RECORDS SUPPLIED: Begin
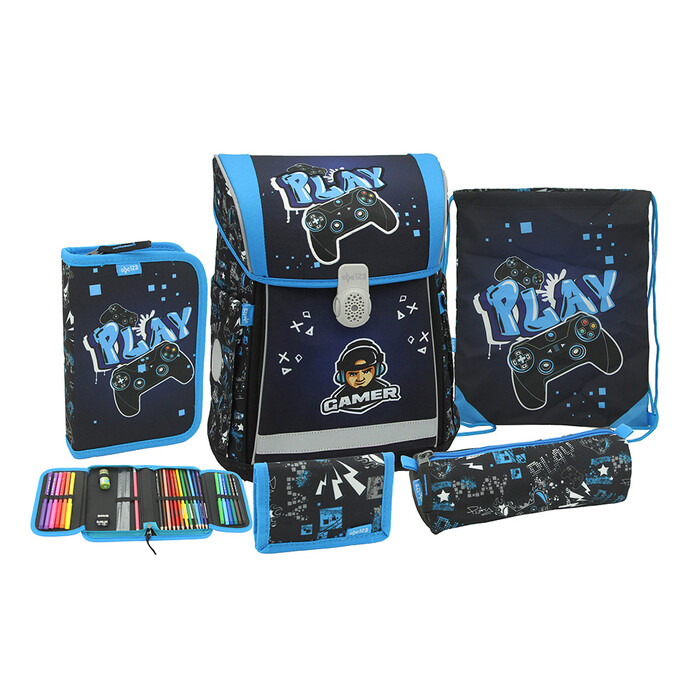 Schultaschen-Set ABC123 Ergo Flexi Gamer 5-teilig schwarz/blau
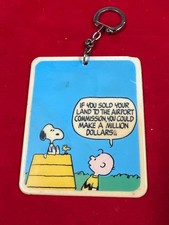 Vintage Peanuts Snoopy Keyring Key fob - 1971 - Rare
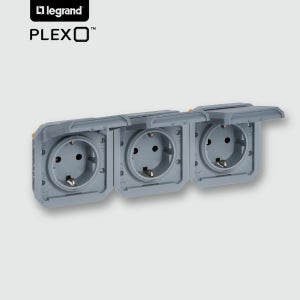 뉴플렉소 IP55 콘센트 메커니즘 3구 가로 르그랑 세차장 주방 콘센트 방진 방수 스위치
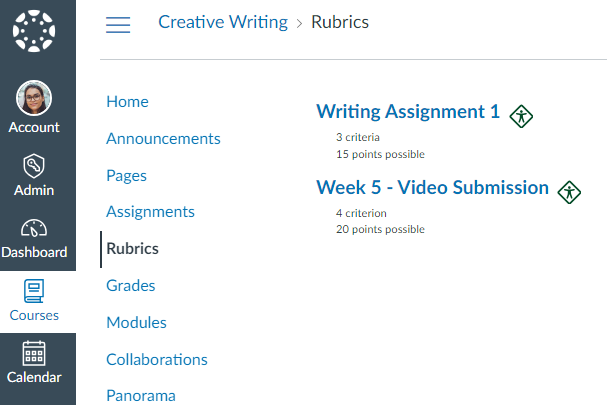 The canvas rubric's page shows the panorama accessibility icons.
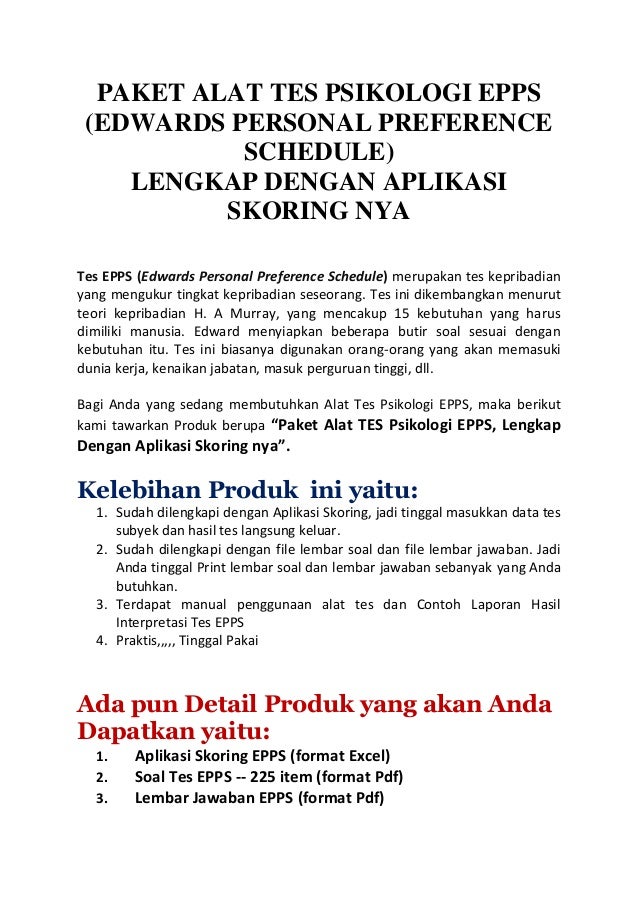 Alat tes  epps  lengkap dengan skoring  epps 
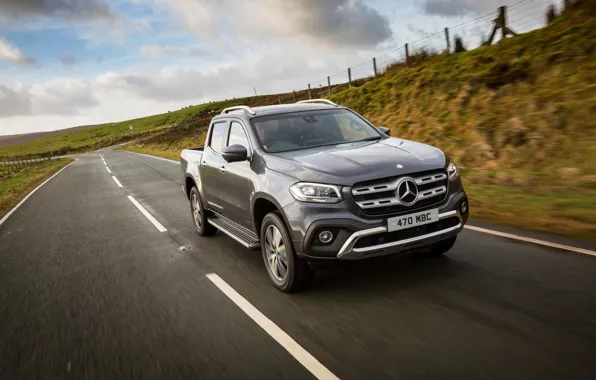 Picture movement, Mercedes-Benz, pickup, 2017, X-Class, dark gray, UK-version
RECORDS SUPPLIED: End
TASK BRIEF » What is needed is an exact repeat of only the lines from the one containing "lengkap dengan skoring" through the last line of the listing above, both ends included, without the pictures.

RESPONSE TO THE TASK »
 Alat tes  epps  lengkap dengan skoring  epps 
 Picture movement, Mercedes-Benz, pickup, 2017, X-Class, dark gray, UK-version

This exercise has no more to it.